Le roman commence à ce moment là. La question essentielle du livre c’est : Pourquoi retourne t-elle là-bas ? Quelles sont ses motivations ? Que cherche t-elle ?
C’est donc un pur polar ?
Pas vraiment. Il ne respecte pas les règles du genre. En fait mon histoire c’est l’histoire d’une femme très fragile. C’est un roc, très dur, mais qui a des fissures partout et qui à tout moment peut éclater en morceaux.
D’où vient cette idée de brigade de mineurs ?
Sincèrement je crois que ce genre de truc est totalement impossible et qu’aucun parent ne laisserait son enfant s’exposer dans de tels services, mais ce qui me plaît avec l’écriture c’est qu’on peut imposer ses propres règles. Je voulais faire quelque chose d’assez psychologique mais en même temps je voulais qu’il se passe quelque chose.

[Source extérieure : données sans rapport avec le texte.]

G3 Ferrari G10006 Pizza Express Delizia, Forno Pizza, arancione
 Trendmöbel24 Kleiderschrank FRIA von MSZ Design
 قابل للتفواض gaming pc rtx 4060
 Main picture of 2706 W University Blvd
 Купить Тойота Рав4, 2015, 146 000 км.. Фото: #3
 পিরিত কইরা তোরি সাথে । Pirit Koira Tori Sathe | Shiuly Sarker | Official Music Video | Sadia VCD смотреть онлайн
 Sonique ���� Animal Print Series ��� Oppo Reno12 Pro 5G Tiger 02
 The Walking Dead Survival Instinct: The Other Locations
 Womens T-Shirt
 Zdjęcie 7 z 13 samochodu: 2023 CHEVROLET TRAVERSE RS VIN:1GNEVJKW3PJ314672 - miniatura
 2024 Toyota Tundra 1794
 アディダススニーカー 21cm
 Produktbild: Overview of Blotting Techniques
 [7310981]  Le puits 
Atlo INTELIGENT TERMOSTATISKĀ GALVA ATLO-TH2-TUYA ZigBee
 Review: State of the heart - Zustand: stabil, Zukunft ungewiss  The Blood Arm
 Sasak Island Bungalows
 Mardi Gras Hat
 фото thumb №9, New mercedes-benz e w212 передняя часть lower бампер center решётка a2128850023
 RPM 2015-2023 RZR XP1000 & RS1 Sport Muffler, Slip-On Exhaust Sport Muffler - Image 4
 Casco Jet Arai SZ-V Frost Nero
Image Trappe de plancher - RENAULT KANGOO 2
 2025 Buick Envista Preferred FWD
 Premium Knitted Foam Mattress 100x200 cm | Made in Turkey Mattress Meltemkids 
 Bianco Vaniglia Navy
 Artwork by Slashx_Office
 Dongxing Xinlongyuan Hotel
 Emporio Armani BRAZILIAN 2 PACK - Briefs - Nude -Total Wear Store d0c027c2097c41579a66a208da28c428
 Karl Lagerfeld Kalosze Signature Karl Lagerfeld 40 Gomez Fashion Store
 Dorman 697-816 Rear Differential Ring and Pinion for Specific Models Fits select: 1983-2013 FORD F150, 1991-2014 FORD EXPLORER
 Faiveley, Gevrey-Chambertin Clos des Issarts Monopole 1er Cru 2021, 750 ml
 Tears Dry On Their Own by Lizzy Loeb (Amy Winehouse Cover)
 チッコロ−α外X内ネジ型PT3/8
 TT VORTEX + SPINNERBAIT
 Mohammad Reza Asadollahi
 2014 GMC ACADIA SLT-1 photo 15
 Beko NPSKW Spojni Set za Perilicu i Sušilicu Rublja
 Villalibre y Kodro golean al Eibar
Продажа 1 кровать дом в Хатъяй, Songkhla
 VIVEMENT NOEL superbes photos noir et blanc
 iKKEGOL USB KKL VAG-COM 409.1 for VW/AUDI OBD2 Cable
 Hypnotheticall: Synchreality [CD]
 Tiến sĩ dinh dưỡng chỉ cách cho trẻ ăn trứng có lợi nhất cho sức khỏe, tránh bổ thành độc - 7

En fait, comme c’était mon premier livre, il fallait que j’évacue certaines choses et en même temps que ca bouge.
Évacuer quoi ?
La mort, la vie, l’amour, les démons de l’enfance, de la vie passée. En fait j’ai un problème par rapport à l’abandon (mon père nous a abandonnées ma sœur et moi) et j’ai voulu en parler en parlant de la mort.
Est-ce violent ?
Et bien, comment dire, ma grand-mère qui a 76 ans trouve ça assez violent mais pour les gens d’âge moyen (40 ans – CQFD) je ne crois pas que ce soit trop dur. La fin est un peu «hard» mais elle est dans la logique de l’histoire.
A savoir ?
Nancy part pour une mission particulière. Elle est seule, elle ne peut plus com-muniquer avec les autres. En gros on l’a un peu piégée pour l’obliger à revenir (ou lui donner le goût du retour). Elle est dans un pétrin pas possible, dans un hangar avec les munitions, elle est gravement blessée, en plus elle est sous l’emprise de l’alcool. Enfin voilà : elle est très amochée. On arrive, on va pour la réanimer, et elle meurt. Quelque part elle se laisse un peu mourir. En parallèle on suit la personne avec qui elle vivait et qui meurt au même moment qu’elle ! Ca a été dur de faire mourir mon héroïne mais j’ai pris un certain plaisir à écrire et à décrire tout cela.
Tu aimes l’action ?
Oui si elle sert à rehausser et à pimenter le personnage et son parcours. Mais l’action bête et méchante, non. Il faut qu’il y ait toujours une référence au passé. Dans toutes les romans que j’écris il y a du sentimental, des questions sur l’origine. J’aime bien les belles histoires.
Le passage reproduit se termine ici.